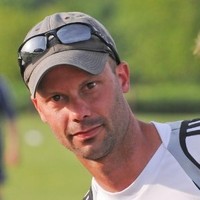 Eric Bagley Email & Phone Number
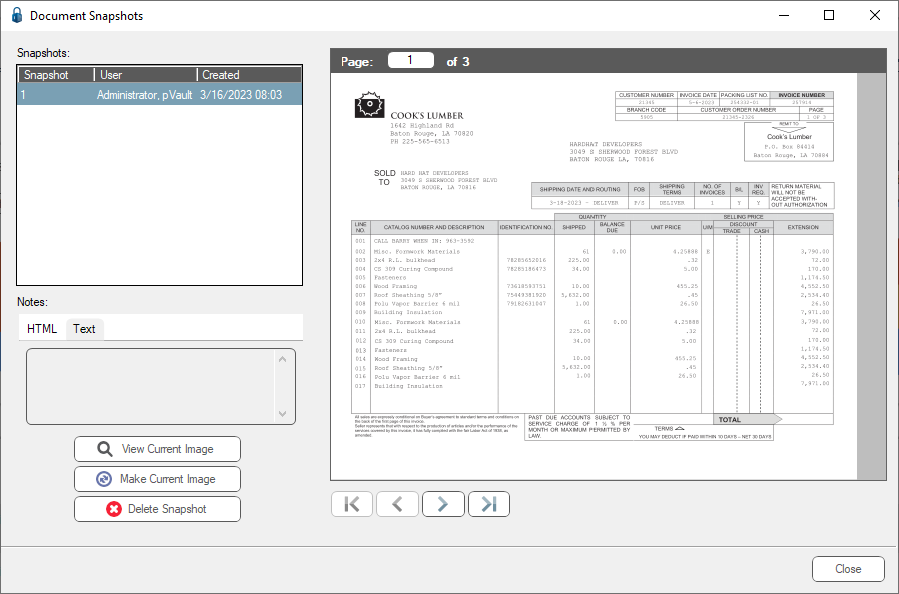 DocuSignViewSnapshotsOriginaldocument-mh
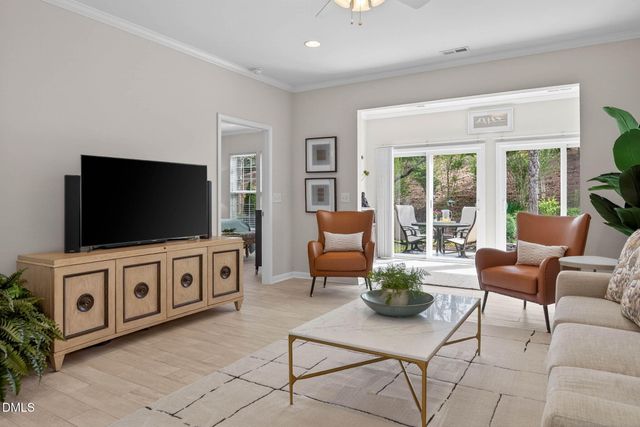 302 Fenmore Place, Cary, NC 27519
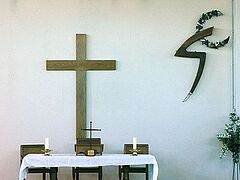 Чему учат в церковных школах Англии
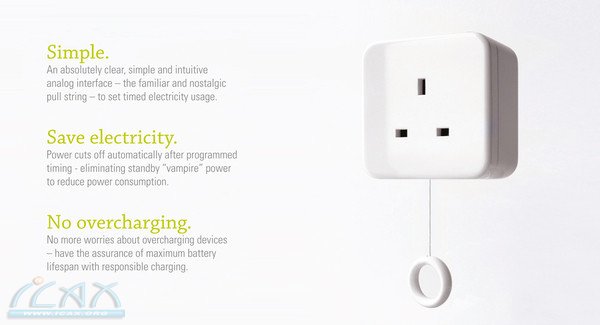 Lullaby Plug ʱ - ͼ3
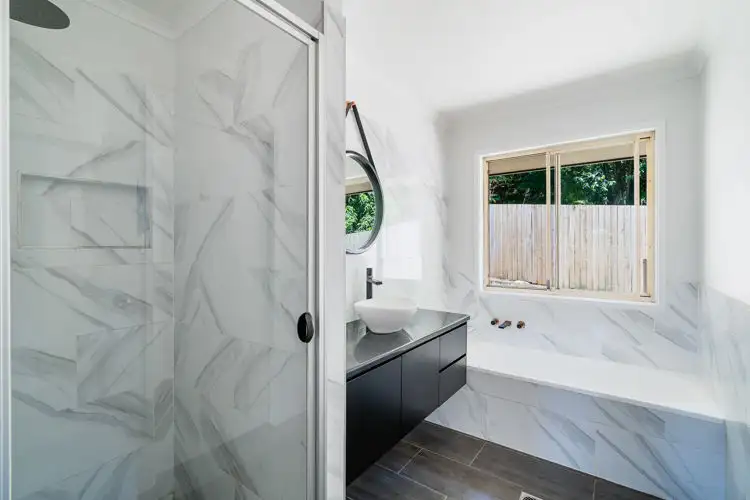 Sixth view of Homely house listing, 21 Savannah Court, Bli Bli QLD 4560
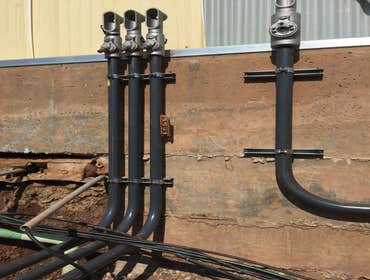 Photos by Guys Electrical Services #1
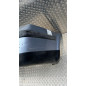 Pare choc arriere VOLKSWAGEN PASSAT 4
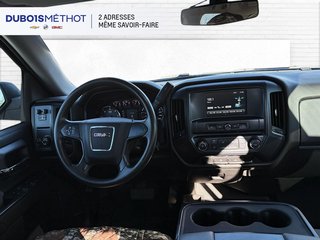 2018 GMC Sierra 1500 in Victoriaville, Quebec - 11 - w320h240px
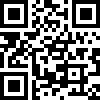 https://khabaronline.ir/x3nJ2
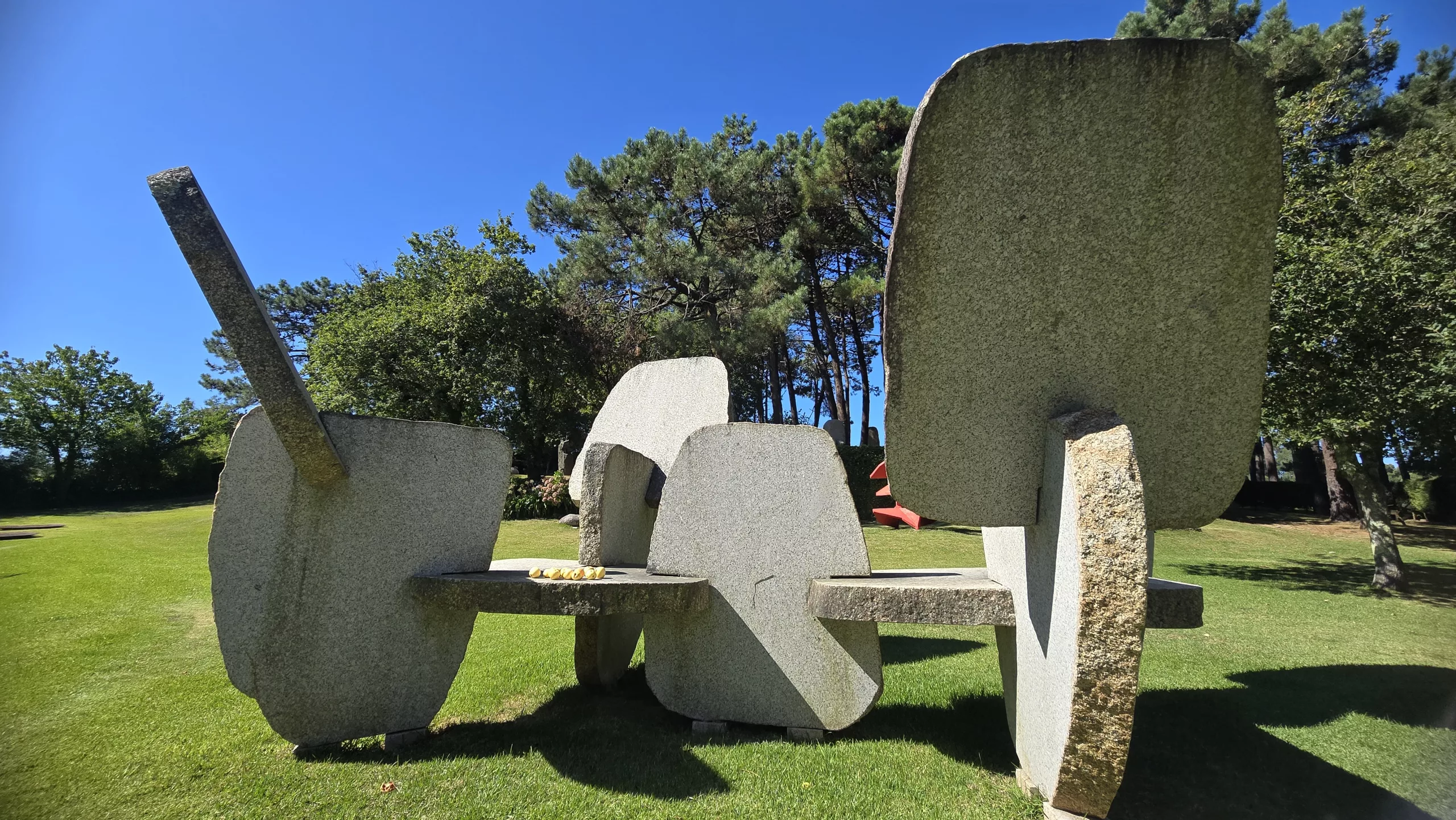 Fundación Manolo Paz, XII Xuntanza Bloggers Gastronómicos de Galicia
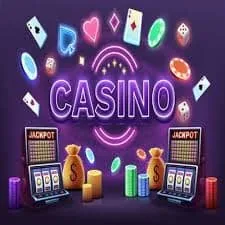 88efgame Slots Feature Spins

_ _ _ _ _ _ _

# Task
Begin with the line that contains "302 Fenmore Place, Cary, NC 27519" and copy every line through the end of the listing, exactly as written, both ends included. Pictures are not part of the copy.

# Your solution
 302 Fenmore Place, Cary, NC 27519
 Чему учат в церковных школах Англии
 Lullaby Plug ʱ - ͼ3
 Sixth view of Homely house listing, 21 Savannah Court, Bli Bli QLD 4560
 Photos by Guys Electrical Services #1
 Pare choc arriere VOLKSWAGEN PASSAT 4
 2018 GMC Sierra 1500 in Victoriaville, Quebec - 11 - w320h240px
 https://khabaronline.ir/x3nJ2
 Fundación Manolo Paz, XII Xuntanza Bloggers Gastronómicos de Galicia
 88efgame Slots Feature Spins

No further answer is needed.